Police busted 35 diesel and oil smuggling cases worth 60 million yuan ($8.6 million) on the Shanghai section of the Yangtze River last year, prosecutors and police said at a news conference on Friday.

The cases were detected during an eight-month police campaign along a 125-kilometer stretch of the river.

In November, the Shanghai Huangpu district people's procuratorate gave three men involved in the first of the smuggling cases penalties of up to four years' prison and fines of 20,000 yuan each.

The three men illegally transported refined oil products totaling 250 metric tons on a cargo ship. They were detected by police on waters near Shanghai Pudong International Airport on April 9, and were found to have previously leaked diesel into waters near Shanghai Waigaoqiao container terminal, contaminating an area of 120 square meters.

In the past, similar offenders would have received an administrative penalty, involving fines and confiscation of the oil products.

The district procuratorate said it was the first time such violators had received jail terms for covering up or concealing crimes. The harsher penalties were intended to deter similar violations and help preserve the environment of the Yangtze River Economic Belt.

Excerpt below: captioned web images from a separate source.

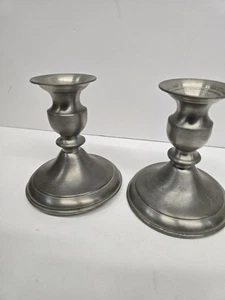 2 Vintage Leonards Echt Zinn Kerzenständer Halter Erntedank Urlaub  - Bild 1 von 6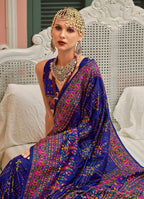 Monjolika Fashion Blue Banarasi Silk Traditional Saree with Meenakari and Weaving Work | Grocsy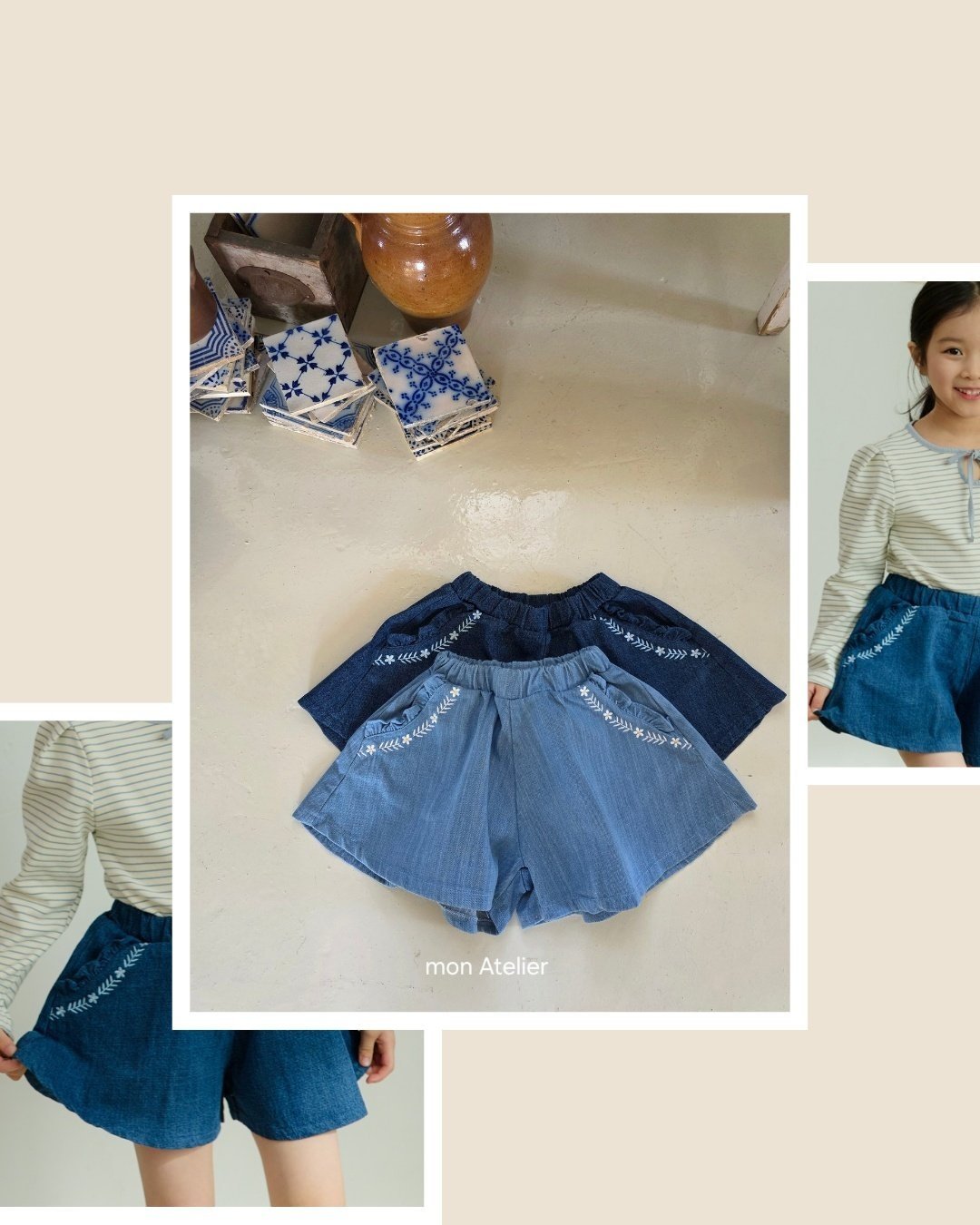 ［mon Atelier］Culotte denim pants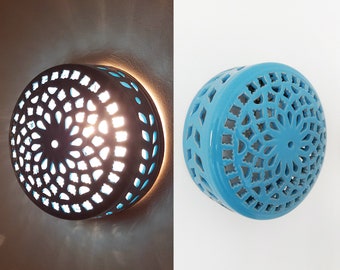Blue Wall Light Large Cover | Decorative sconce | Moroccan Circle Cut Out Terracotta Ceramic | Indoor Outdoor Bedroom Sconce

"Moreover, the cargo ships involved in the case were also confiscated by the court for the first time to increase the cost of committing the crime," said Bai Yingxi, deputy chief procurator of the district procuratorate.

Violators used to receive fines as an administrative penalty, but could easily make hundreds of thousands of yuan from each smuggling of goods.

Bai said that the Supreme People's Procuratorate and the Supreme People's Court in October clarified that several activities related to smuggling constituted intentionally committing a crime.

These included; using a fake ship license, turning off GPS systems to dodge supervision from shipping authorities, transporting oil products at unreasonable times and on unreasonable routes, and using bank accounts of third parties to claim payments.

Nine of the cases detected from April to December, which involve 31 people, have been prosecuted.

Most of them clearly knew the diesel products came from irregular sources, navigated during the night, hid diesel barrels under sacks, and threw their cellphones into the sea to destroy records when police approached, the prosecuting agency said.

Shi Guorong, head of the criminal detection team of the Shanghai branch of the Yangtze River Shipping Public Security Bureau, said that most of the diesel was smuggled from overseas. The ship owners did not have licenses to conduct refined oil business or permits to transport dangerous goods.